Text Processing in Rust
Create handy command-line utilities in Rust.
This article is about text processing in Rust, but it also contains a quick introduction to pattern matching, which can be very handy when working with text.
Strings are a huge subject in Rust, which can be easily realized by the fact that Rust has two data types for representing strings as well as support for macros for formatting strings. However, all of this also proves how powerful Rust is in string and text processing.
Apart from covering some theoretical topics, this article shows how to develop some handy yet easy-to-implement command-line utilities that let you work with plain-text files. If you have the time, it'd be great to experiment with the Rust code presented here, and maybe develop your own utilities.
Rust and Text
Rust supports two data types for working with strings: String
and str
.
The String
type is for working with mutable strings that
belong to you, and it has length and a capacity property. On the other
hand, the str
type is for working with immutable strings that you want
to pass around. You most likely will see an str
variable be used as
&str
. Put simply, an str
variable is accessed as a reference to some
UTF-8 data. An str
variable is usually called a "string slice" or, even
simpler, a "slice". Due to its nature, you can't add and remove any
data from an existing str
variable. Moreover, if you try to call the
capacity()
function on an &str
variable, you'll get an error message
similar to the following:
error[E0599]: no method named `capacity` found for type
↪`&str` in the current scope
Generally speaking, you'll want to use an str
when you want to pass a string
as a function parameter or when you want to have a read-only version
of a string, and then use a String
variable when you want to have a mutable
string that you want to own.
The good thing is that a function that accepts &str
parameters can
also accept String
parameters. (You'll see such an example in the
basicOps.rs
program presented later in this article.)

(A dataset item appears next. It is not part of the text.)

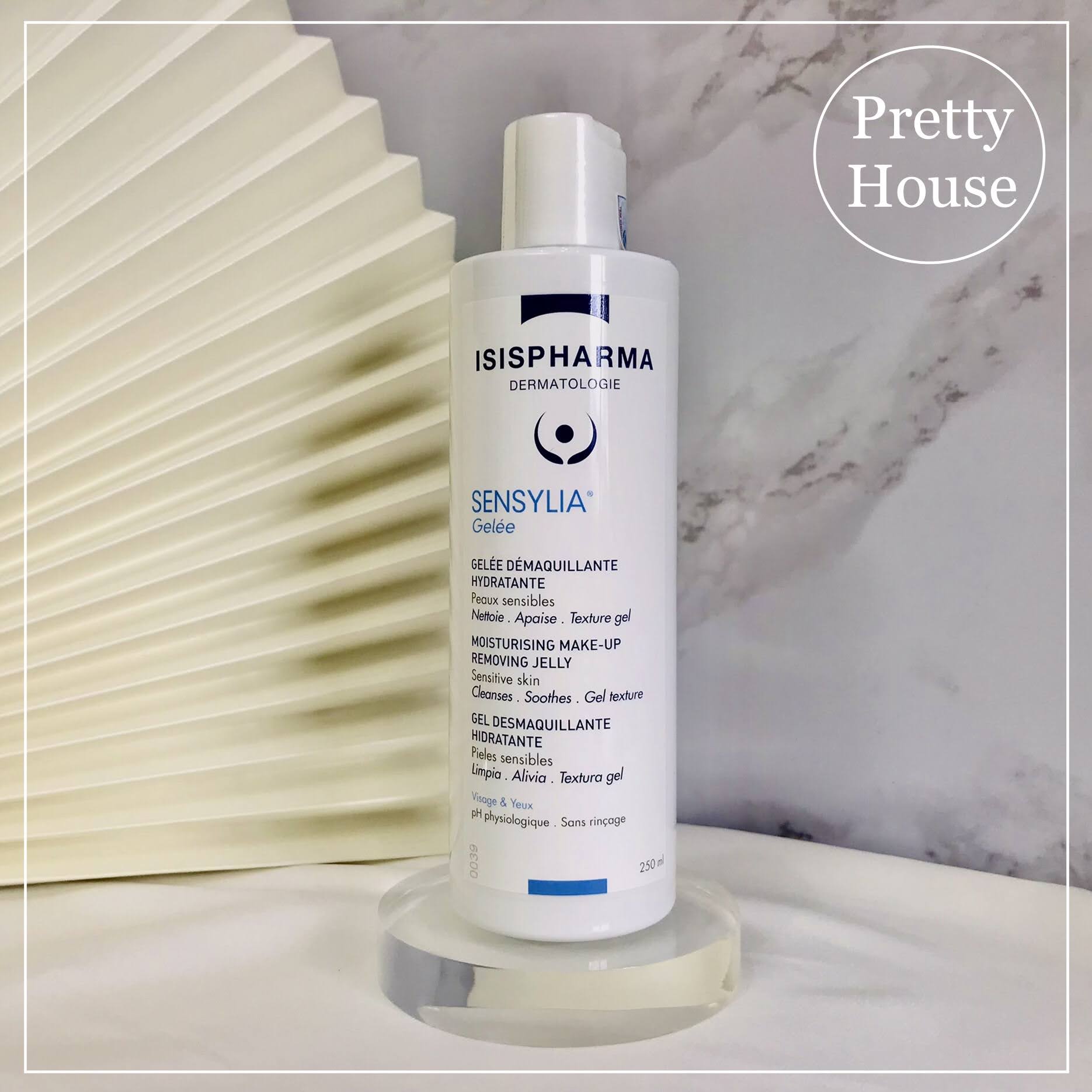 Gel tẩy trang cho mọi loại da ACM 250ml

Additionally, Rust supports the char
type, which is for representing
single Unicode characters, as well as string literals, which are
strings that begin and end with double quotes.

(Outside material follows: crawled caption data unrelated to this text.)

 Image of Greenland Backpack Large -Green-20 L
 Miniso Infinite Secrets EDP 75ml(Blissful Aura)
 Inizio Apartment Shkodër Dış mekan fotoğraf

Finally, Rust supports what is called a byte
string. You can define a new
byte
string as follows:
let a_byte_string = b"Linux Journal";
unwrap()
You almost certainly cannot write a Rust program without
using the unwrap()
function, so let's take a look at that here. Rust
does not have support for null
, nil
or
Null
, and it uses the Option
type
for representing a value that may or may not exist. If you're
sure that some Option
or Result
variable that you want to use has a
value, you can use unwrap()
and get that value from the variable.
However, if that value doesn't exist, your program will panic. Take a look at the following Rust program, which is saved as unwrap.rs:
use std::net::IpAddr;
fn main() {
let my_ip = "127.0.0.1";
let parsed_ip: IpAddr = my_ip.parse().unwrap();
println!("{}", parsed_ip);
let invalid_ip = "727.0.0.1";
let try_parsed_ip: IpAddr = invalid_ip.parse().unwrap();
println!("{}", try_parsed_ip);
}
Two main things are happening here. First, as my_ip
is a valid
IPv4 address, parse().unwrap()
will be successful, and
parsed_ip
will
have a valid value after the call to unwrap()
.
However, as invalid_ip
is not a valid IPv4 address, the second attempt
to call parse().unwrap()
will fail, the program will panic and the
second println!()
macro will not be executed. Executing
unwrap.rs
will verify all these:
$ ./unwrap
127.0.0.1
thread 'main' panicked at 'called `Result::unwrap()`
↪on an `Err`
value: AddrParseError(())', libcore/result.rs:945:5
note: Run with `RUST_BACKTRACE=1` for a backtrace.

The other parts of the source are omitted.